# Cheap CFast 2.0 Cards



## Jopa (Sep 27, 2016)

Have anybody had a chance to deal with Delkin Devices CFast cards? They are twice cheaper than Sandisk / Lexar, but I'm wondering how good are they in a long run?


----------



## LordofTackle (Sep 27, 2016)

I have no experience with them but I wouldn't try it out. Even the, officially supported, Sandisk cards had problems in the beginning, that could only be solved by some workaround (delivered per update). The only cards that work flawless so far, AFAIK, are the Lexar cards. I use those too. Maybe also the transcend cards (according to TDP).


----------



## Cthulhu (Sep 28, 2016)

Jopa said:


> Have anybody had a chance to deal with Delkin Devices CFast cards? They are twice cheaper than Sandisk / Lexar, but I'm wondering how good are they in a long run?



My 1dx mk2 came with a free 128gb Delkin cfast, in addition to the 65gb Sandisk. It is noticeably faster, the Sandisk doesn't give me the image corruption error some have run into, but the transfer rate on the Delkin is waaaay faster both in camera and on a card reader.


----------



## Jopa (Oct 5, 2016)

Cthulhu said:


> Jopa said:
> 
> 
> > Have anybody had a chance to deal with Delkin Devices CFast cards? They are twice cheaper than Sandisk / Lexar, but I'm wondering how good are they in a long run?
> ...



I think the corruption happened with the original (v1) firmware and later Canon added a workaround for the SanDisk issue.

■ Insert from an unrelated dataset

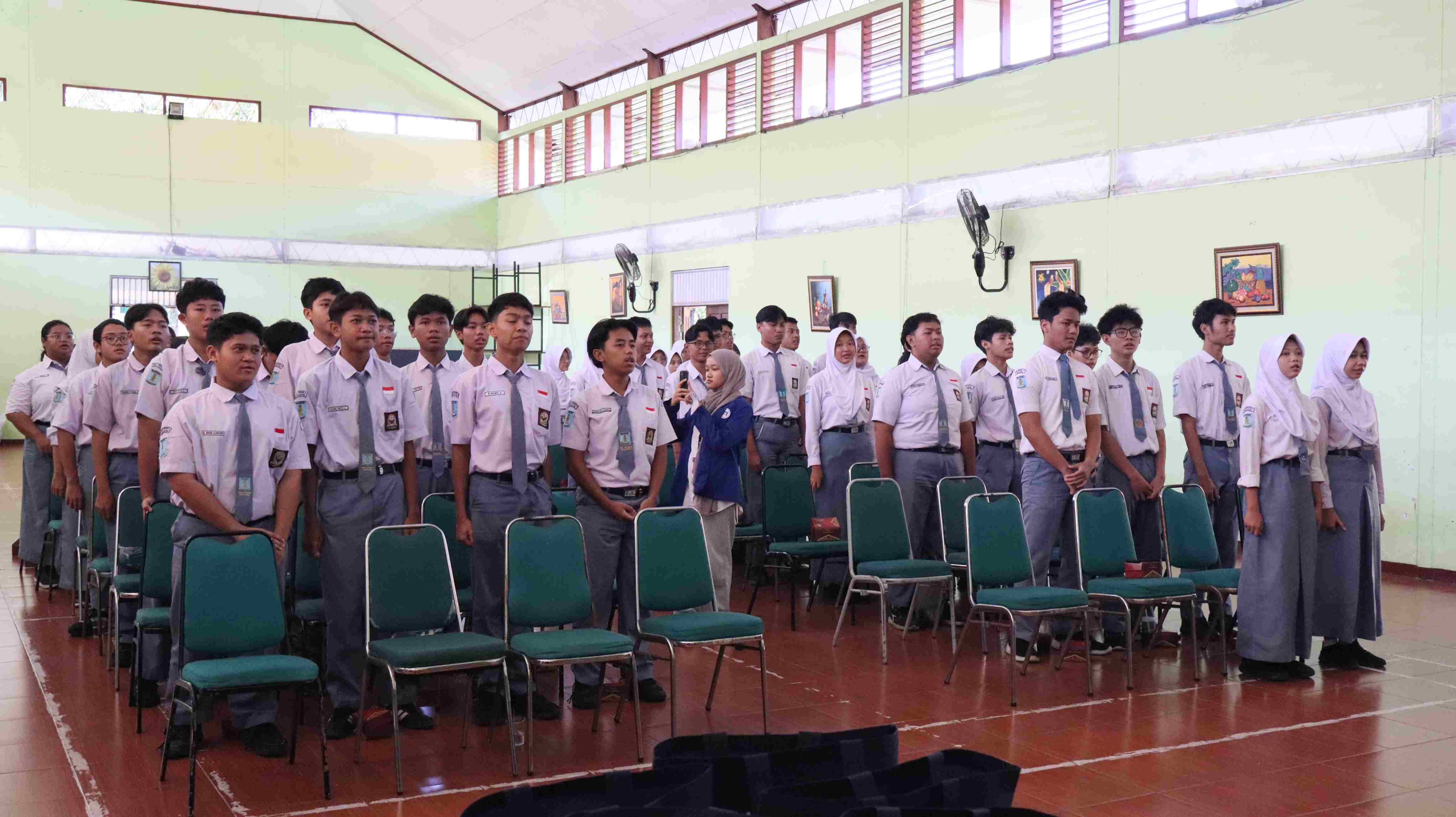 Goes To School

I also went ahead and got a 256GB Delkin for $299, so far so good (1 week usage  ). No problems writing 4k 60p, no corrupted images. Hope it will last. Overall I think it's a good deal, and those cards should not cost more than a corresponding capacity m.2 drive. A 250GB Samsung m.2 is about $100, so $600 for a CFast card is a pure rip off.


----------



## Jack Douglas (Oct 27, 2016)

Jopa, I'm looking at buying a CFast for video and remembered your comments. Has the Delkin been working out for you?

Anyone else tried Delkin at this point?

Jack


----------



## Jopa (Oct 28, 2016)

Jack Douglas said:


> Jopa, I'm looking at buying a CFast for video and remembered your comments. Has the Delkin been working out for you?
> 
> Anyone else tried Delkin at this point?
> 
> Jack



Jack, it works very well. No issues recording 4k @ 60p, I didn't notice any dropped frames or anything bad so far. I guess it will last, but that's just a guess  I'm still keeping the bundled SanDisk 64GB as a backup.


----------



## Jack Douglas (Oct 29, 2016)

Jopa said:


> Jack Douglas said:
> 
> 
> > Jopa, I'm looking at buying a CFast for video and remembered your comments. Has the Delkin been working out for you?
> ...



Thanks. I think I'll buy one before heading out in the spring.

Jack


----------



## ianthem (Jan 3, 2017)

http://www.biwin.co.uk/

I'm trying out these guys with my 1DX II that's coming in, the write speeds only go up to 280 MB/s, but that's still plenty fast and covers 4k60p. I'll report back with their quality, seem to be a similar deal to Delkin & very good if you don't need to invest in getting something capable of 500 MB/s.


----------



## Jack Douglas (Jan 3, 2017)

ianthem said:


> http://www.biwin.co.uk/
> 
> I'm trying out these guys with my 1DX II that's coming in, the write speeds only go up to 280 MB/s, but that's still plenty fast and covers 4k60p. I'll report back with their quality, seem to be a similar deal to Delkin & very good if you don't need to invest in getting something capable of 500 MB/s.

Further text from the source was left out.